The optimizer is the standard SciPy SLSQP, and the openmdao recorder is turned on. Note that a real optimization will need a much higher value for max_iter (100 is a good start).
driver:
optimization:
flag: True # Flag to enable optimization
tol: 1.e-5 # Optimality tolerance
# max_major_iter: 10 # Maximum number of major design iterations (SNOPT)
# max_minor_iter: 100 # Maximum number of minor design iterations (SNOPT)
max_iter: 1 # Maximum number of iterations (SLSQP)
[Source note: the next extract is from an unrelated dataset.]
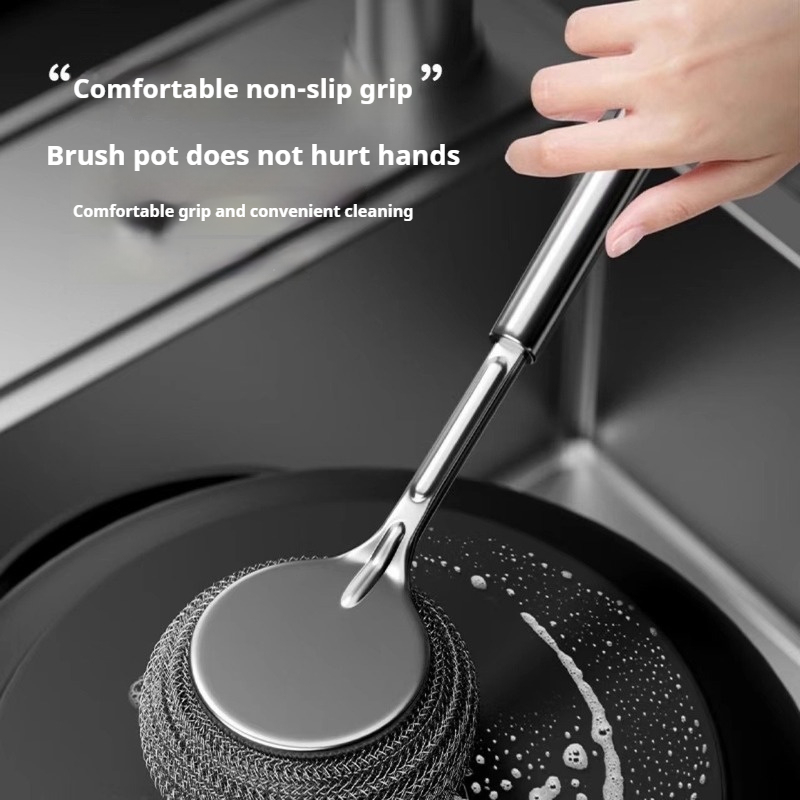 Steel Wire Ball Pot Brush Kitchen Pot Utensil Cleaning Brush Oil Removal Brush Without Damaging The Long Handle Of The Pot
solver: SLSQP # Optimization solver. Other options are 'SLSQP' - 'CONMIN'
step_size: 1.e-3 # Step size for finite differencing
form: central # Finite differencing mode, either forward or central
recorder:
flag: True # Flag to activate OpenMDAO recorder
file_name: log_opt.sql # Name of OpenMDAO recorder
For more details about this example, please feel free to post questions on GitHub!
Spar Design
In this example we setup an optimization problem to redesign a floating spar. The design variables parametrize the keel and the freeboard of the spar, where both quantities are bound between -40 and -15 meters. In addition, the ballast is optimized and can vary between 1 kg and 10,000 kg. Lastly, the length of the mooring line can vary between 100 and 1,000 meters.
design_variables:
floating:
joints:
z_coordinate:
- names: [spar_keel]
lower_bound: -40.0
upper_bound: -15.0
flag: True
- names: [spar_freeboard]
lower_bound: -40.0
upper_bound: -15.0
flag: True
members:
groups:
- names: [spar]
flag: True
ballast:
lower_bound: 1.0
upper_bound: 1e4
mooring:
line_length:
flag: True
lower_bound: 100.0
upper_bound: 1000.0
In this optimization problem, we set the optimizer to minimize the difference between certain outputs and their target values. WISDEM allows to do that by setting inverse_design as the merit_figure and then by setting a user-defined list of outputs under inverse_design. In this example, these outputs are:
the mass of the platform hull
the mass of the mooring system
the location of the center of mass of the floating spar
merit_figure: inverse_design
# constraints
inverse_design:
floatingse.platform_hull_mass:
ref_value: 2.5e6
units: kg
floatingse.mooring_mass:
ref_value: 4.5e5
units: kg
floatingse.system_structural_center_of_mass:
ref_value: [0., -90.]
indices: [1, 2]
units: m
The optimizer is the standard SciPy SLSQP. Note that a real optimization will need a much higher value for max_iter (100 is a good start).
driver:
optimization:
flag: True # Flag to enable optimization
tol: 1.e-4 # Optimality tolerance
solver: SLSQP # Optimization solver. Other options are 'SLSQP' - 'CONMIN'
step_size: 1.e-6 # Step size for finite differencing
form: forward # Finite differencing mode, either forward or central
max_iter: 1 # Maximum number of iterations (SLSQP)
Once again, for more details about this example, please feel free to post questions on GitHub!